▶ _Problem statement_
Start at the line that contains "Calliste bleu et noir" in the listing below and extract every line through the last, exactly; leave pictures out.

▶ _Source data_
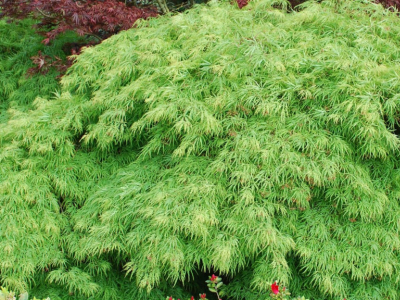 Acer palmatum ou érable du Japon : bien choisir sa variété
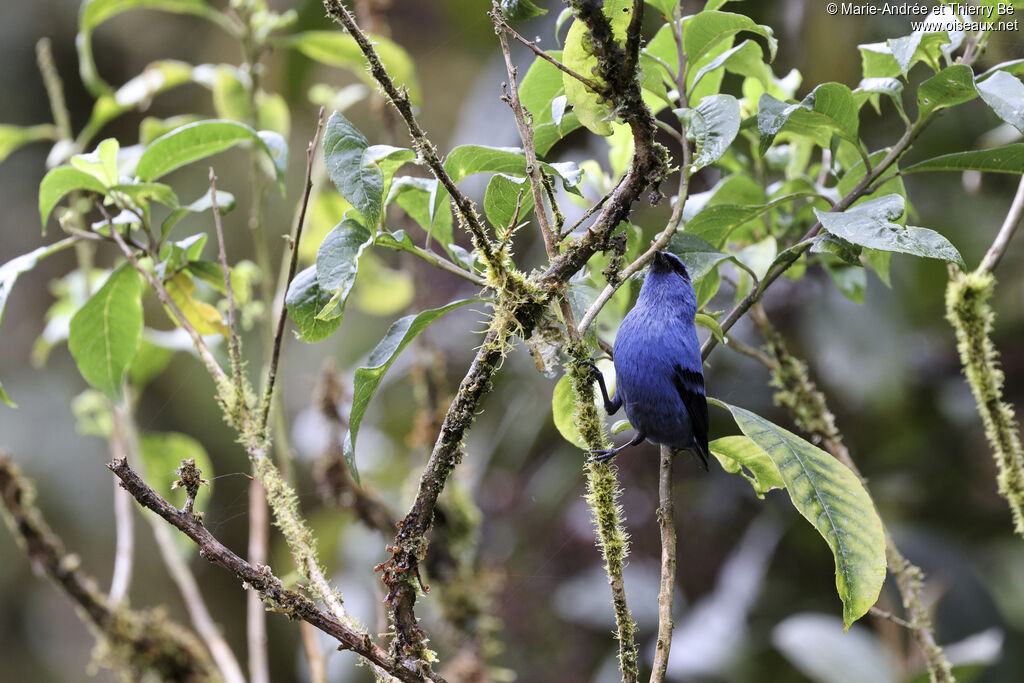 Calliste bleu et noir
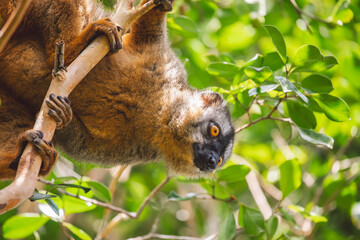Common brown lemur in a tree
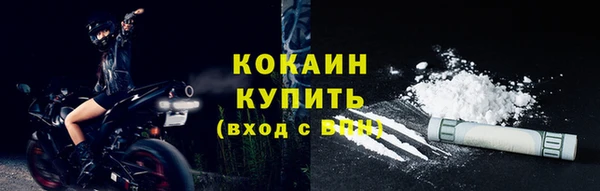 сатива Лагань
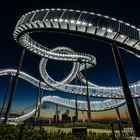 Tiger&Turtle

▶ _Answer area_
 Calliste bleu et noir
Common brown lemur in a tree
 сатива Лагань
 Tiger&Turtle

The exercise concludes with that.